Authors on the Air February 2, 2012: Mei-Ling Hopgood, David Agus
Mei-Ling Hopgood, author of How Eskimos Keep Their Babies Warm: And Other Adventures in Parenting (Algonquin Books, 978-1565129580)

When we published Gerard Beirne's novel, which I thought was full of fairly hard characters from real life - we were criticized for using the word 'eskimo' rather than Inuit. The Inuit in the Net had no 'ring' to it, while The Eskimo in the Net conjured up an image of a frozen body, with icy whiskers, and a shiny head of black hair, so we stuck to our guns. And here we are a few years later, and Eskimos are OK. So that is one in the eye for the politically correct, I guess. If all publishers edited out every nuance in language, we'd have a rather depleted vocabulary to work with.

Thursday, January 26, 2012

New Year pick me up


Last night I went to a talk given by Salley Vickers, and she read a few lines from a short story, about taking a bus to from Penzance to St Ives to see the Barbara Hepworth exhibition. She and her friend were alarmed at the speed the driver went at and arrived in a quivering state. She used this experience in a short story, but had a lone man take the bus and use the turns of the run away bus to lurch towards the body of a girl seated next to him, who then accepted a drink from him at his hotel - at which point Salley Vickers stopped her reading.

This brought back good memories of Thessaloniki, Greece. I was on a mission to introduce Greek writers to UK publishers, which resulted in our publishing Vangelis Hatzyiannidis' books, Stolen Time and Four Walls. We had a spare hour between seminars and meeetings so I went into the hotel spa pool for a swim in salt water (it was a tiny pool but the spa was warm, the water salty and very good for mind and soul). I emerged, and a well known female scout invited me to the top floor panoramic bar for a drink. We took our seats at a table with bar stools, and were surrounded on four sides by glass, a view of the port and city, and then there was an almighty thunderstorm with lightning. The skies went dark, then lit up, and opened with torrents of rain. Next, a waiter came over with two tall glasses of white wine, which we had not ordered, and a man on the other side of the bar nodded at us. We could not work out which of us he had decided to honour with a free drink... A highlight, so to speak, of our trip, and a definite pick me up.

Sunday, January 15, 2012

I've been wondering about the self-publishing route, as this weekend the press (Guardian Money section, for one) has had a few stories of individual success stories. If you can publish directly to Kindle, do you feel like an author? Having readers definitely would bring a warm glow, and if you find that you are earning directly from your work, that would feel good.

But what happened to that warm glow of having your finished book in your hands?

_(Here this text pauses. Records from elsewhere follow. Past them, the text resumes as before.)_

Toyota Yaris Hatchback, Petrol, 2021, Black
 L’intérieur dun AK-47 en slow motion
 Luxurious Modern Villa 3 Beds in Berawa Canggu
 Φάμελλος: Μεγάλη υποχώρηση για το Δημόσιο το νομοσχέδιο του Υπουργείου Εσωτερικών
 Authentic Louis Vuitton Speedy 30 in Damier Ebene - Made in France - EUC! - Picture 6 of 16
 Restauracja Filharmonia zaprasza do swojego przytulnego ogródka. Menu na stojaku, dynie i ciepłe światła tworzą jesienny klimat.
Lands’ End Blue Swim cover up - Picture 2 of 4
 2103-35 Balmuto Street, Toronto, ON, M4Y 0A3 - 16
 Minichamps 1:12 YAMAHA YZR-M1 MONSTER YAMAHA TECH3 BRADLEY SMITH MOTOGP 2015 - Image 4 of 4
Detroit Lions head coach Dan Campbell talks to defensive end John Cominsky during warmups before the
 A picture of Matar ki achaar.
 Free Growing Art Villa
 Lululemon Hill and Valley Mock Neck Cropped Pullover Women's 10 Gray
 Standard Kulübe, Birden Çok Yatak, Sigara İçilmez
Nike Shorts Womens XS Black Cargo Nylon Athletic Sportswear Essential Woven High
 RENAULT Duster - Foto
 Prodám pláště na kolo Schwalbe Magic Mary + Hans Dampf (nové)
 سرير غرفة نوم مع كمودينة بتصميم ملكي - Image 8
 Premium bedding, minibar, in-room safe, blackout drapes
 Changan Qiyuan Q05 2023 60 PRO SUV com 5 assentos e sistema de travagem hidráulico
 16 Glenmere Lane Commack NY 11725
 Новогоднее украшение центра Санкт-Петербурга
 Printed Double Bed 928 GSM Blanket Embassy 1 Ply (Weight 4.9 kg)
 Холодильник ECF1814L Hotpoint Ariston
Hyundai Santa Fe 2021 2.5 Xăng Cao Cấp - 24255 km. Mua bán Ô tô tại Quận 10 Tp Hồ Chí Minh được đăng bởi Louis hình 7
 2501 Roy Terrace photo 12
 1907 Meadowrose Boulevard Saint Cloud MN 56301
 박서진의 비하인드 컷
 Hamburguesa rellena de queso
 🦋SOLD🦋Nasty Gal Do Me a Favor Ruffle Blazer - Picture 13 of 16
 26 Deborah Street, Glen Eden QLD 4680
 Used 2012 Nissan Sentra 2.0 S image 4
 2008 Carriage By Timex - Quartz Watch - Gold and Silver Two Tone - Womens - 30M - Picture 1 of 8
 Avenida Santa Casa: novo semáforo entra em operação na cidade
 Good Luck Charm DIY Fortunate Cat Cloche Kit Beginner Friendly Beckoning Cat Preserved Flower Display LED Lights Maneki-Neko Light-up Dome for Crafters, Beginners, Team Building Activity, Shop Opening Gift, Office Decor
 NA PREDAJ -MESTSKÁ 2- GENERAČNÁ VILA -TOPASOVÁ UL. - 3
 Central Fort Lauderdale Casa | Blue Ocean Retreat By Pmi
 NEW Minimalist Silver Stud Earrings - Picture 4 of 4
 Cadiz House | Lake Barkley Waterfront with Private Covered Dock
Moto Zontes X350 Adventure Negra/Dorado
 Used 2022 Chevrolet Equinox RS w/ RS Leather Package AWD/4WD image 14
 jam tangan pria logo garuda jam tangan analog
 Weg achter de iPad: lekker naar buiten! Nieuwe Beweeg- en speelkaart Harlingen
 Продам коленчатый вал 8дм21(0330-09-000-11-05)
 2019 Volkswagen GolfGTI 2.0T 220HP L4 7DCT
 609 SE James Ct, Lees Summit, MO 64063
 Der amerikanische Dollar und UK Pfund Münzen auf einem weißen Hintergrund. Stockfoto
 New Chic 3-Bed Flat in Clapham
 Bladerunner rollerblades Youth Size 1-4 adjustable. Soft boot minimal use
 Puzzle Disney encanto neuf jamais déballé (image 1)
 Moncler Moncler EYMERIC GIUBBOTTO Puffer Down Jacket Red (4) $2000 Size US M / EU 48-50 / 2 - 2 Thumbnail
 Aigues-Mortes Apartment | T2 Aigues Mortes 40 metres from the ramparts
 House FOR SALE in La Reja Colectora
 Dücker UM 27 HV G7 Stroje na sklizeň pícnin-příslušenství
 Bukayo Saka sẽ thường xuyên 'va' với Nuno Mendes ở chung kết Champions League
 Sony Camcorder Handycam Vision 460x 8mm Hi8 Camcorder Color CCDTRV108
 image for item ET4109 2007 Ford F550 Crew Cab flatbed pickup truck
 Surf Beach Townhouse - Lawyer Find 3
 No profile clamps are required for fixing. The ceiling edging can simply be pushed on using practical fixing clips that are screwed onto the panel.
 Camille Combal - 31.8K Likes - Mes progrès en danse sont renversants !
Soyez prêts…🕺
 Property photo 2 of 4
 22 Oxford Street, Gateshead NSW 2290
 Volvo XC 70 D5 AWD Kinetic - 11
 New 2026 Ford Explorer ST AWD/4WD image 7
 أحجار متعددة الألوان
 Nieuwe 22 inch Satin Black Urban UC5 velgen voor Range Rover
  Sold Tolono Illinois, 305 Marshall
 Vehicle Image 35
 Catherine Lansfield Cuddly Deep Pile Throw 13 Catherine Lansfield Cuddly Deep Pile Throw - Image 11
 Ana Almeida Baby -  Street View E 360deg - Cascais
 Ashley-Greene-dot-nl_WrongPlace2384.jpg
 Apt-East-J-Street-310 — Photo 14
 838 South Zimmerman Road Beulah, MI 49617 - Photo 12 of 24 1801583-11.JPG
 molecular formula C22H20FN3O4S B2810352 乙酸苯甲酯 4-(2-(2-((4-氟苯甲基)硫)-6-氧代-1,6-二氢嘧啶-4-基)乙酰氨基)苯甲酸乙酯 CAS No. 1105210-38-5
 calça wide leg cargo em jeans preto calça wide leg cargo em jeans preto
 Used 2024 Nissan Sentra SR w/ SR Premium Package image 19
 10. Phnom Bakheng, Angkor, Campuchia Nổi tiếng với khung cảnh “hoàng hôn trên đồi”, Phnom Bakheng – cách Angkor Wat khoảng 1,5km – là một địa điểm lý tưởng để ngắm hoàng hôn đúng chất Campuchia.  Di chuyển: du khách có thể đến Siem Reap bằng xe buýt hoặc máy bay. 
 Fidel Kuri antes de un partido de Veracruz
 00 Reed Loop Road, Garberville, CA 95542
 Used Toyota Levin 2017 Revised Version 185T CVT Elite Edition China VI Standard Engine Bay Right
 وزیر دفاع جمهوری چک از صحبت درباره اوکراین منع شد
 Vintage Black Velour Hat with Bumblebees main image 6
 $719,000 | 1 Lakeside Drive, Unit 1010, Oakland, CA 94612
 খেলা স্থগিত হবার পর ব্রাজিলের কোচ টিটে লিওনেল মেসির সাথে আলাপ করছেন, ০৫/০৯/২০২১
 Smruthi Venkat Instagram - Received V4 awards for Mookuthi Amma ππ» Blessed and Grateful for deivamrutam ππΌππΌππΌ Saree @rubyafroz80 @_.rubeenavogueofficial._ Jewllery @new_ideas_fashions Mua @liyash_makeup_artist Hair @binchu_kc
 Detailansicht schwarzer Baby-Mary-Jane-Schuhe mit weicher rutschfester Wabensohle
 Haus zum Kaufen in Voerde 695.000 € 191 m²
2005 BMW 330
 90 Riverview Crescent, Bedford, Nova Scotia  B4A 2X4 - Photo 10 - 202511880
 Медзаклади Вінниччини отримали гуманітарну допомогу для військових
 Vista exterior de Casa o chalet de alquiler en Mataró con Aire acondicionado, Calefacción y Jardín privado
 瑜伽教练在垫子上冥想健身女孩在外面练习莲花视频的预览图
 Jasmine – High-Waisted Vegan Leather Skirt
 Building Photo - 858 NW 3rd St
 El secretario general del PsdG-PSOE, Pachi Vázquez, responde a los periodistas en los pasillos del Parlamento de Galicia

And what of the publisher's knowledge of how to gain publicity, and how do literary festivals and radio programmes contact the author if they do not have a publisher's office ready and waiting? I think if I was a prospective author, I'd want both - and so I would have to commit some of those Kindle earnings to having my work put in print.

All in all, very interesting times. And I think that people will be encouraged to write more, not less, now that these new routes to readers, let alone markets, are opening up.